Compaction extends the useful life of a conversation, letting complex tasks proceed without losing all accumulated context. It’s most valuable for tasks that resist decomposition into independent subagent subtasks, where the work is genuinely sequential and each step depends on the previous one.

The cost is information loss. Summarization discards detail. A fact that seemed unimportant at compaction time may prove critical later. You can mitigate this by keeping summaries thorough about decisions and state, even at the expense of verbosity, and by maintaining a progress log outside the conversation as a durable backup.

Sources

The concept of compaction as conversation summarization emerged from the agentic coding community in 2024-2025 as context windows became the primary bottleneck in extended agent sessions. Anthropic’s Claude Code introduced automatic compaction with configurable thresholds, establishing the pattern of harness-managed context recycling.

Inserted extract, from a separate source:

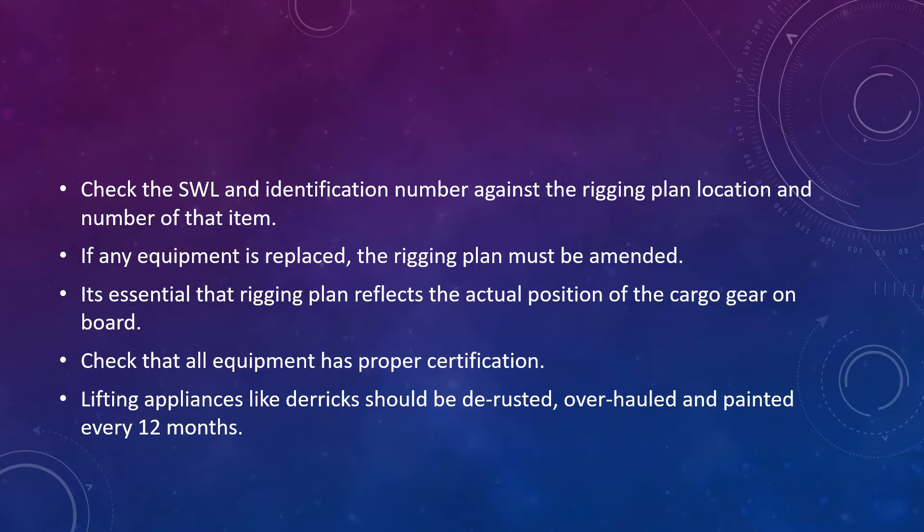To quickly explain the rigging plan: it basically describes how the derricks are to be rigged, because mostly derricks are pre-rigged from the dockside when the ship is being supplied. But if you carry out any maintenance, change wires, or change the rigging arrangement of the derrick, you will have to refer to the rigging plan for it to be re-rigged again.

The term draws an analogy from database compaction (merging and deduplicating stored data), applied to the conversational context that accumulates during agent work.

  • Depends on: Context Window – compaction addresses context window limits.
  • Contrasts with: Thread-per-Task – starting fresh is the alternative to compacting.
  • Enables: Progress Log – compaction summaries can feed the progress log.
  • Uses: Context Engineering – compaction is a context engineering technique.
  • Depends on: Harness (Agentic) – many harnesses perform compaction automatically.